Zelfs als de levensduur van flashcellen normaal verdeeld is, zullen er uitschieters en maandagmorgenmodellen tussen de miljoenen geheugencellen in de gemiddelde ssd zitten. Om vroege defecten op te vangen, wordt flashgeheugen standaard met reservecellen uitgerust. Afhankelijk van het exacte type geheugen en de fabrikant gaat het om enkele procenten tot rond de tien procent extra bits per page of block. Als een geheugencel om welke reden dan ook niet meer bruikbaar is, kunnen de back-upcellen als plaatsvervanger dienen.

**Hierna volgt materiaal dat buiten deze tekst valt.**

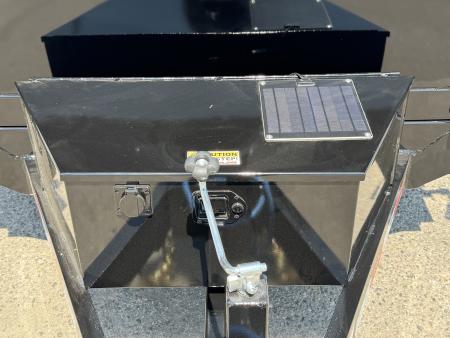 New 2026 RJ D2-5X10 - 7K Dump Trailer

Het plaatsen van meer geheugencellen dan strikt noodzakelijk, in jargon overprovisioning, wordt ook op een hoger niveau toegepast. Veel ssd’s worden bijvoorbeeld verkocht met een capaciteit van 480 of 500 GB, terwijl er fysiek 512 GB flashgeheugen aanwezig is. Strikt genomen gaat het bij dat laatste getal zelfs om GiB, oftewel veelvouden van 1024, waardoor er per definitie meer capaciteit aanwezig is dan er aan het OS wordt gepresenteerd. Bij zakelijke ssd’s wordt vaak zelfs nog veel meer geheugen achtergehouden.


Een voorbeeld van een ssd waarbij additionele overprovisioning wordt toegepast.

Overprovisioning biedt als het ware ademruimte aan de ssd-controller voor het uitvoeren van alle besproken trucs. Zelfs als de ssd vol is kan er bijvoorbeeld naar lege pagina’s in het achtergehouden flash worden geschreven, of naar het niet-dynamische deel van de slc-cache. Daarnaast kunnen defecten bij de reguliere flashchips worden opgevangen, een proces dat we reallocation noemen. Daarom is de toename van het aantal reallocated sectors, zoals je die in de SMART-gegevens kunt uitlezen via software als CrystalDiskInfo, doorgaans een indicatie dat je ssd richting het einde van zijn levensduur gaat. Je kunt overigens relatief simpel zelf (extra) overprovisioning toepassen, door slechts een deel van je ssd te partitioneren.